It is also clear that when you have a day when your advancing and declining stocks are of the same count and the advancing and declining volume are the same that you will end up with an indicator of 1.0 since both ratios will need to necessarily be 1, or the product of A*DV and the product of D*AV need to coincidentally be exactly the same.

TRIN = 1 = A*DV / D*AV

therefore the index is =1 if either of these cases occur.

D * AV = A * DV    [Eq 1]      or ,           A/D = 1  &   AV/DV = 1

or the ratio of AV/DV is exactly the same as the ratio of A/D

AV / DV = A / D

What does Eq [0] mean for the market? If we have a very bullish market day with almost all stocks up then A/D is going to be very high, it is highly likely that the ratio is going to be similarly high AV/DV. If the two ratios are the same we have a TRIN =1. How are we going to get very low levels of TRIN << 1?  We are going to get this when the ratio of AV/DV is much bigger than the ratio of A/D is. That means a very high advancing volume AV bigger than the declining volume DV yet a lower count of advancing stocks compared to declining stocks. So that means a bigger volume in fewer advancing stocks (TRIN<<1). Likewise the opposite case when TRIN is much bigger than 1 (TRIN >>1) happens when we have a bigger volume in fewer declining stocks (TRIN>>1).

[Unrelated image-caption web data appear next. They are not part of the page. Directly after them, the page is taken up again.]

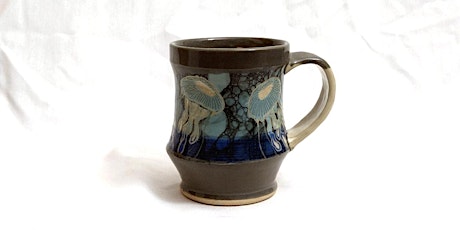 Imagem principal de Making Mugs with Contemporary Clay Decorating Techniques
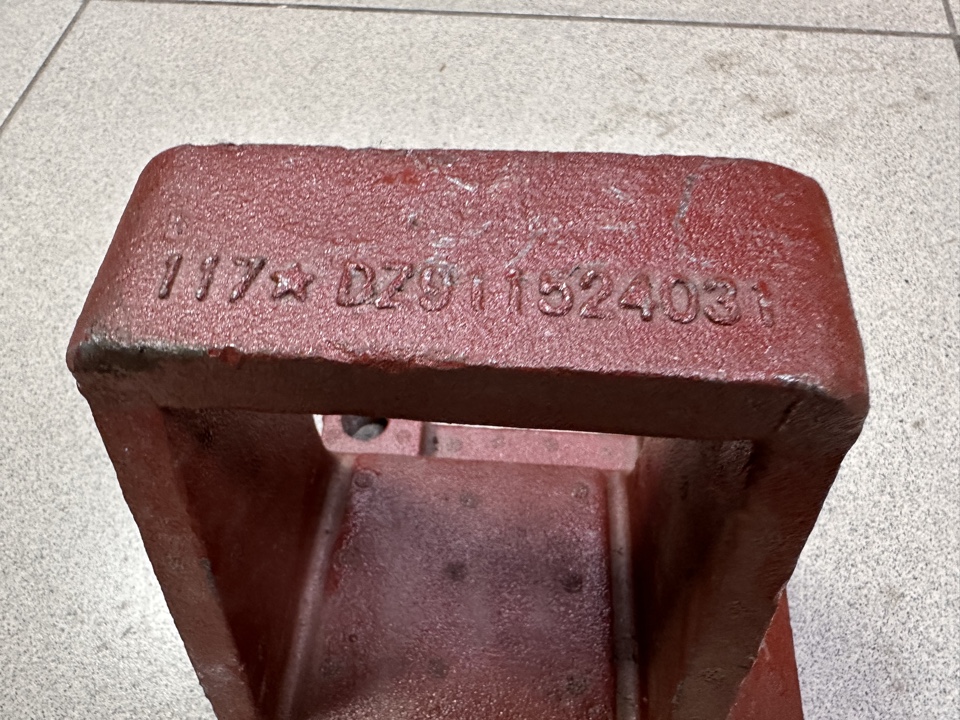 Кронштейн рессоры SHAANXI задний левый (155*170)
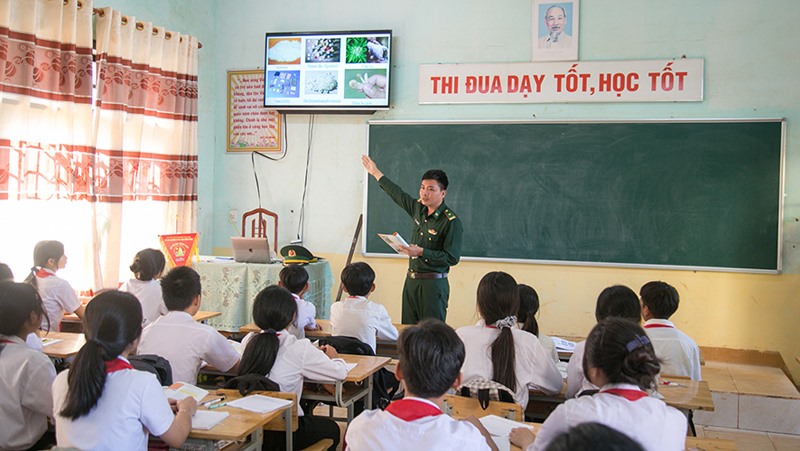 Chính trị viên phó Đồn Biên phòng Hướng Phùng, Thiếu tá Nguyễn Văn Bằng giới thiệu cách nhận biết các loại ma túy tổng hợp cho học sinh Trường PTDT bán trú THCS Hướng Phùng - Ảnh: L.T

Since the volume count is purely absolute there is no dollar value associated with this, we cannot say that if we are looking at tiny cap stocks getting all the volume. One thing to note here is that while the number of stocks is fixed there is a minimum & maximum ratio of A/D, but for AV/DV there is no such limit. The number of stocks are always integers on a finite range but the volume is a also always integers but on a theoretically infinite range. Lets say your number of stocks you are counting is max 100 shares for simplicity. You will have a minimum of 1/99=0.01 and max of 99/1=99 except for the obvious extreme cases of either one being 0. But for the volume you might have for example a case of 1/1,000,000,000 = 0.000000001 or 1,000,000,000/1 = 1,000,000,000. Leading to TRINs of 0.01/0.000000001= very big or 99/100,000,000= very tiny. Meaning that the AV/DV ratio is most likely dominating this indicator over the A/D ratio just purely by nature of numbers. This is why Richard Arms says that a TRIN>1 is bearish and a TRIN<1 is bullish.

Lets simplify Eq [1] by two transformations. We know the number of stocks is fixed, so the sum of all advancing, declining and unchanged stocks is a fixed number lets call it N.

We can write

N = A+D+ε

and further  write A in terms of D as

A = N* - D

where we assume N*=N+ε is almost identical since ε is going to be small. Likewise we can simplify the volume to assume there is a constant volume of shares traded each day which is fixed. Then we can write similarly

M = AV + DV + ε

and also

AV = M* - DV.

Substituting this into Equation [1] we get

D  × ( M* - DV ) = ( N* - D) × DV

which expands leading to

DV  =  M*/N* ×  D

or if we want to express it in terms of AV

D = N*  -  N*/M* × AV.

This simply means that the TRIN index is equal to 1 when the ratio of Declining Volume to Descending Stocks is the same as the ratio of total Volume to total number of stocks.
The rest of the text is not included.